When kept at 6–8 °C, the salmon eggs will hatch approximately three months post fertilization. The slc45a2 CRISPR mutants are easily recognized in newly hatched embryos and in juveniles, due to the lack of pigment, and these individuals (albinos) were selected for further DNA analyses. DNA was extracted from caudal fins using DNeasy Blood & Tissue kit (Qiagen). To ensure complete homogenization, the tissue was incubated overnight at 56 °C using a thermomixer. DNA was eluted in 30 µl nuclease free water. To identify FLAG-positive mutants PCR was performed on genomic DNA, with the forward primer targeting the FLAG-sequence (5′-CTACAAAGACGATGACGAC) and the reverse primer targeting slc45a2 (5′-CGCAACGACTACACATTAT). The PCR-products were evaluated on 1% agarose gels. In order to verify insertion of FLAG and to assess the level of mosaicism, a fragment covering the entire target site was amplified in selected samples (n = 76) with a two-step fusion PCR to prepare for sequencing by Illumina MiSeq, as described in30. The following primer sequences were used in the first PCR-step; 5′-tctttccctacacgacgctcttccgatctCAGATGTCCAGAGGCTGCTGCT and 5′-tggagttcagacgtgtgctcttccgatctTGCCACAGCCTCAGAATGTACA (gene specific sequence indicated in capital letters).

Analysis of MiSeq data

Fastq files were filtered and trimmed with Cutadapt59, and variants were called using a custom script (Supplementary Fig. 5).
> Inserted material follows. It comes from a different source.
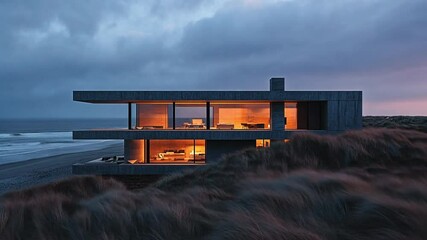 modern minimalist luxury house in cliff with sea front view. modern architect design
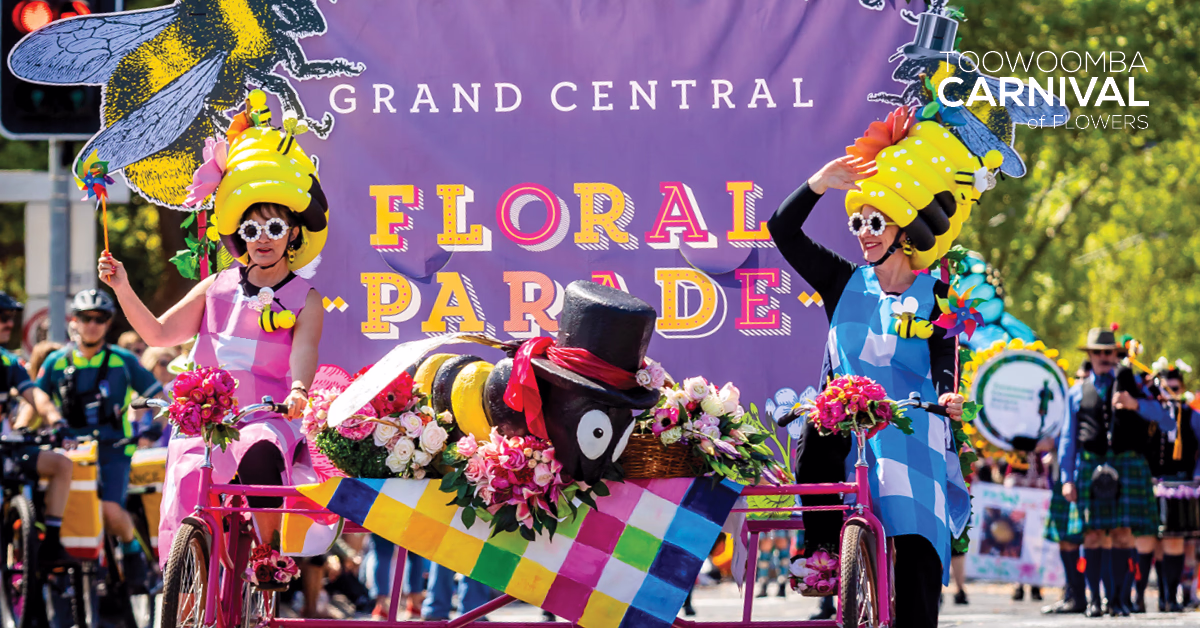 Flower-covered floats in the Grand Central Floral Parade, the Toowoomba Carnival of Flowers' biggest set piece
Finally, read counts were reported for the variants containing the inserted sequence, separating those with a perfect match to the entire target sequence (referred to as perfect HDR), and those with a correct insert sequence but various mismatches in the rest of the target sequence (referred to as perfect FLAG + indels) (Fig. 2). In addition, read counts were reported for variants containing degenerated insert sequences (≥50% intact insert sequence, referred to as degenerated FLAG), and wild type sequences (Supplementary Fig. 3).

Analysis of indel locations in the “Perfect FLAG + indels” group

All the sequence variants were extracted (after filtration in the previous variant analysis) from the group called “Perfect FLAG + indels”. Using Geneious, the sequences were aligned to the reference gene containing the inserted sequence using the “Highest Sensitivity” option. The alignment was used to extract the information about indel positions, and for each deletion the location of the 5′ end of the deleted sequence was chosen to represent the position. The read count for each indel-containing variant was converted to percentage of the total read count of variants from the category “Perfect FLAG” for all individuals. The percentages were plotted on the reference sequence with colors showing AS 24 (green), S 24 (blue), ds 24 (red), S 48 (pink) and S 84 (black) (Fig. 3). In order to analyze the variation in indel positions between the different templates, the percentages of indels located either at the 5′- or 3′-side of the inserted sequence was calculated for each group.

Statistical analyses

D’Agostino Person normality test (column statistics) were used to asses normal distribution of the data. Non-parametric statistical analyses were performed using a Kruskall-Wallis test, followed by Dunn’s multiple comparison test. The tests were carried out using GraphPad Prism 8.0.1.